UPTOWN HUSTLE W/ JOHN HENRY | #ENTREPRENEUR
John Henry is a Dominican-American serial entrepreneur, investor, and author based in Harlem, NYC. He started his first company at 18, successfully selling it just a few years later. He now serves as a Venture Partner at Harlem Capital, a diversity-focused early stage VC fund focused on finding the next generation of great, diverse entrepreneurs
John is also the host of Open for Business, the branded Podcast from Ebay and Gimlet Creative about building business from the ground up. the show debuted at #1 on the iTunes business charts, and has received critical acclaim from ADWeek, WSJ, The NY Times, and more.

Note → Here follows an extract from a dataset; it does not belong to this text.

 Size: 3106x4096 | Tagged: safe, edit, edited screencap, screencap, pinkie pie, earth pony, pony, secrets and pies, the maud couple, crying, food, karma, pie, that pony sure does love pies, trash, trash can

John is also an avid speaker; delivering keynotes at conferences such as Big Omaha, Aruba Tech Conference, Millennial Week, and more. To learn more about John Henry, visit his website
interview w/ joel grannum
John Henry is a creative through and through. After he completed high school he moved from Florida to New York with ambitions of becoming the world’s best Jazz Musician. His desire to be the best didn’t stem from an egotistical yearning to be better than other people, but a desire to explore the limit at which he can express himself. Growing up in the projects the son of undocumented immigrants he drew an incredible an amount of inspiration from his parents who encouraged him to strive to be the best at any endeavour he chose to pursue.
Somewhere along his journey, John lost his passion to play jazz music and found it very difficult to find something else that got him going in the same way music used to. He explored finance; he explored marketing, but discovered the people in these arenas were mainly concerned with credentials, not merit and that line of thinking didn’t correspond with his. He learned a little about a lot, but nothing seemed to resonate. In time, John realized the people who excited him the most were people who were creating their own life path.
“Whenever you get excited about something, that’s a really good clue about your own personal intuition”
He believes creating your own path is about knowing how to coordinate the resources available to you to achieve your desired outcome. If circumstances are less than ideal, then you must recognize these unfavourable conditions, and get it done the best you can with you have at the moment. Take action. Learn a lot, plan a lot and build with passion. “If you’re searching for a why, you probably don’t have one…and if you don’t that’s ok. Try a lot until you feel strongly about something”.
“I always knew I wanted to get involved in the neighbourhood in a meaningful way I don’t like being a passer by”
Henry left college to start his first business, Mobile City, an on-demand laundry service and carved out a niche in Film and TV Productions, at only 18 years old. His Harlem-based dry cleaning service was handling wardrobe for Boardwalk Empire, The Wolf of Wall Street and Law & Order SVU. He had on-demand app developed so his business could provide laundry pick-up and other home services to the under-served people in the community. Within two years, he bootstrapped the business and successfully sold the company to a competitor. One of the best feelings was being able to give his parents the surprise of a lifetime when presented a cheque after the sale. Scrappy, driven and passionate Henry notes, “the market doesn’t care about anything other than what you put out”.
After the sale of Mobile City, Henry had some runway and different options to decide on what route to take next. Cofound Harlem started as a meet up group to discuss cool stuff happening in the community over wings and beer. Even at the beginning, it was essentially an incubator for great minds to congregate and get involved in the neighbourhood. The movement grew and it became apparent that a business model was needed to ensure the energy didn’t fizzle out. What Henry started out with was a not for profit operation, no cash in, and no equity out. But he learned that in order to make the kind of impact he wanted to make in the community he had to invest actual capital. Today, Henry is also a minority owner of a venture firm called Harlem Capital Partners.
Harlem’s Entrepreneurial ecosystem has grown significantly since Henry started his enterprising journey. There are now six co-working spaces in Harlem, several colleges in the area have added entrepreneurial programs, and with Harlem capital his mission has expanded from incubate 100 companies to invest in 1000 diverse founders over the next 20 years. Henry is not just building a business he’s building a community and encouraging generational wealth. Harlem Capital has looked at over 200 companies and invested in six within a one-year period, which is unusually active. They have signalled to the market that they are here, and that they are ready to deploy capital and change the face of entrepreneurship.
Meanwhile, Henry has been steadily building his personal brand and has signed on to a top talent agency, which has opened new doors of possibility for him. It’s amazing “I’ve been in this entrepreneurial bucket for so long I almost forgot I had other interests”. The talent agency has been very supportive and encouraged Henry to cultivate his creative seeds. The music bug has seemingly returned, and Henry plans to release an album in a few years. He himself doesn’t watch much TV, but says he appreciates it as a medium to tell a story and convey a serious message n a funny way. The possibility to executive produce a TV show in the near future is very real.
As a creative, Henry’s desire is to fully express himself. In Jazz, that involves mastery of the instrument. Right now his creative channel is business, and what’s beautiful about business is you can always loop in other things, explore other interests and industries and continue creating your own path.